The private-issue, nongovernment, mortgage-backed security, as described in the State of Idaho Internal Control Report, was ubiquitous during this time period. You may recall that the practice of bundling residential mortgages and selling them as income investments, known as securitization, was commonplace. When some homeowners stopped paying their mortgages during the credit crisis, mortgage products without government backing became hard to sell and suffered declines in value.
The State Fund and Local Government Fund are managed as one, but are separated for accounting purposes. The state treasurer transferred investments from the Local Fund to the State Fund to avoid showing losses in the market value of the investment. The intent may have been to protect local governments from losses, but it appears to be a conflict of interest as the state was allocated the losses.
Anyone who invests money, either for themselves or for someone else, experiences losses from time to time. Ideally the losses are temporary, but in Idaho's case at least some of these bond losses are permanent.
One could argue that all the state's investments should be in a risk-free vehicle suck as Treasury Bills, but as investors we weigh the potential returns versus potential losses, and align investments with the ultimate goal for the money. T-Bills pay zero income and may not meet the investment objective.
We favor the "keep it simple" philosophy. By simplifying the list of allowed investments, the probability of losses is reduced during volatile periods. Risk can be properly evaluated only if one understands the investments in the portfolio. Adding a bank agent and engaging third parties in securities lending complicated the transaction, making mistakes more likely and thereby increasing unforeseen risk.
The treasurer's reference to hindsight bias is valid, but one might question whether this security was suitable in the first place. Like any product-driven strategy, the investment in question was sold to the state, probably involved a commission, likely proprietary, and ultimately transferred unnecessary risk to the owner. Government mortgage securities such as Fannie and Freddie also declined in value during the 2008 crisis, but quickly regained value when TARP and other extraordinary rescue measures were implemented.
As a case study for all fiduciaries, this one is particularly instructive. We commend the treasurer for selecting an investment consultant with knowledge of asset allocation, investment selection, risk measurement, manager selection and ethics. Consultants may also reduce fiduciary risk for the treasurer, as will the involvement of an independent oversight board. The case also illustrates the need for a sound investment policy, and strict adherence to it.

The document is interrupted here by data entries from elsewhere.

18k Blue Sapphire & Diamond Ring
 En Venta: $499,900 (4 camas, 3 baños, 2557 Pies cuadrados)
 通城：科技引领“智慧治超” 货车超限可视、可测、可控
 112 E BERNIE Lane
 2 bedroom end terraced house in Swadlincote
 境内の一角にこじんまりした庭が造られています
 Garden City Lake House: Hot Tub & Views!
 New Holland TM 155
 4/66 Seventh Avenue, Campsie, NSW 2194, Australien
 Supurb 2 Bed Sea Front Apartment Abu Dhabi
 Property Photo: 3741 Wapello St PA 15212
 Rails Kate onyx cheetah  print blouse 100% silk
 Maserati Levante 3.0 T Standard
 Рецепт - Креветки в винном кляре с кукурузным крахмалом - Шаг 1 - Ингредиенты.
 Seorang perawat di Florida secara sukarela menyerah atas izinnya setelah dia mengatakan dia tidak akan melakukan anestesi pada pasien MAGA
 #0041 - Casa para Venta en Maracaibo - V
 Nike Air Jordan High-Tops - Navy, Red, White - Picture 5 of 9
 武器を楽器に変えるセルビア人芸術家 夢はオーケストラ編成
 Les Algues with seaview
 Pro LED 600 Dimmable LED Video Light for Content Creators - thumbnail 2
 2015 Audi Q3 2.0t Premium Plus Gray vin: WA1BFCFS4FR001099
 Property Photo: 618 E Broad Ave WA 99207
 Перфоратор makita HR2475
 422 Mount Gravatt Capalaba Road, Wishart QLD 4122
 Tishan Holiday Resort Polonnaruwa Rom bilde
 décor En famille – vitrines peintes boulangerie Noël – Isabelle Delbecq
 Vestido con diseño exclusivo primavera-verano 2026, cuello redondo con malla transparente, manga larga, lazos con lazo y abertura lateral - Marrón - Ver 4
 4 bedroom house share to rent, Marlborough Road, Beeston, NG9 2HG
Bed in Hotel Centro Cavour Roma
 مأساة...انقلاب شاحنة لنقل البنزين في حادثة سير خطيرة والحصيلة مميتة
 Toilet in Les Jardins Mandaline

In summary, it appears the funds were comingled in order to preserve the highest credit rating from Moody's and Standard & Poor's. Higher credit ratings reduce borrowing costs for the state. We propose allocating a prorated amount of the losses to the Local Government Fund in fairness to Idaho taxpayers. The treasurer, as CFO of the state of Idaho, has the proverbial "buck" on his desk now, but oversight by an independent board could have prevented an esoteric security like Gryphon Funding LTD P-T NT from ending up as a position in the state's portfolio.
The investment losses are unfortunate, but the apparent effort to conceal them may be the enduring legacy of this financial fiasco.
Mark Daly and Cody Barney are investors and Boise residents.